▸ **Exercise**:
Although the records contain pictures, none belong in the copy: restate word for word only the lines from the one with "kitchen with stainless" through the one with "old piano keyboard with a vintage keys", both included.

▸ **Supplied records**:
+ + + +
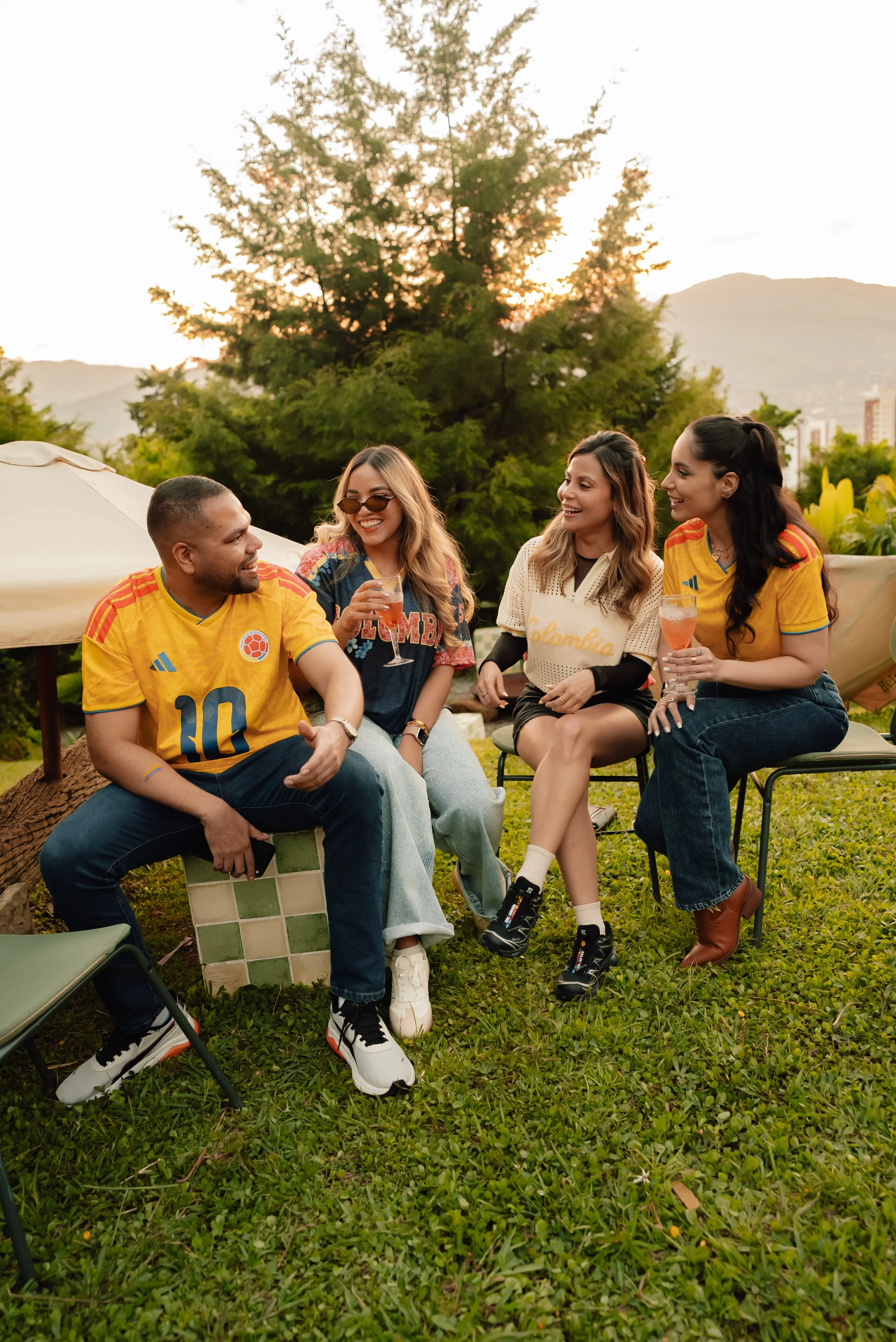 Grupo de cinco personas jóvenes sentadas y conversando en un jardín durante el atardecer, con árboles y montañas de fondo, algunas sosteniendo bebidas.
+ + + +
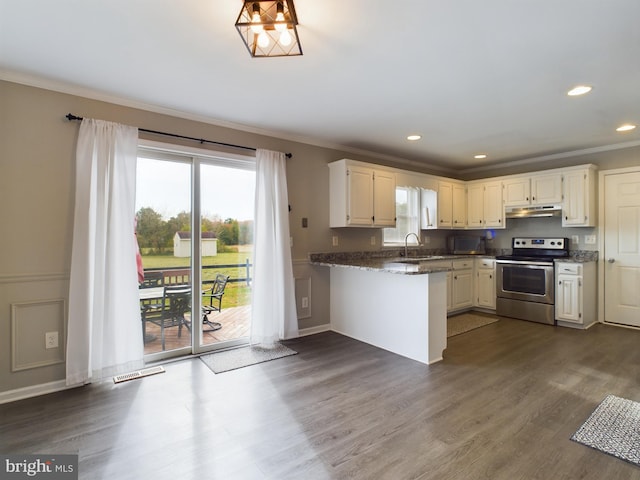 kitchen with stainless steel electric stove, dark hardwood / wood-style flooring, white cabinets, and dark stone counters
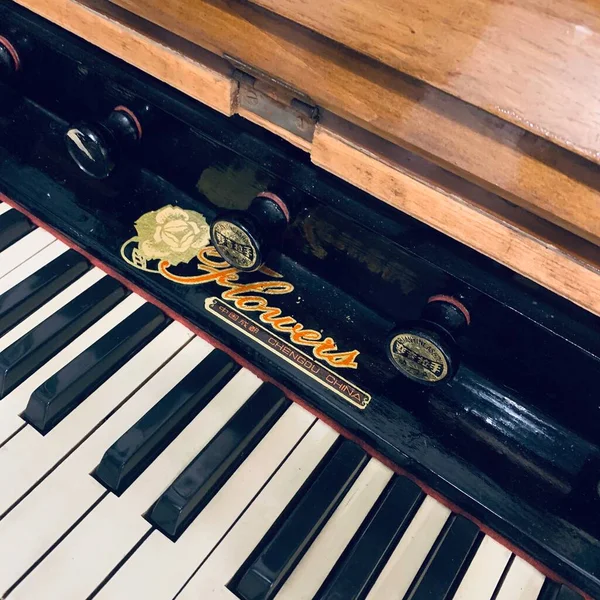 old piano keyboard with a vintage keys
+ + + +
▸ **Response to the task**:
 kitchen with stainless steel electric stove, dark hardwood / wood-style flooring, white cabinets, and dark stone counters
 old piano keyboard with a vintage keys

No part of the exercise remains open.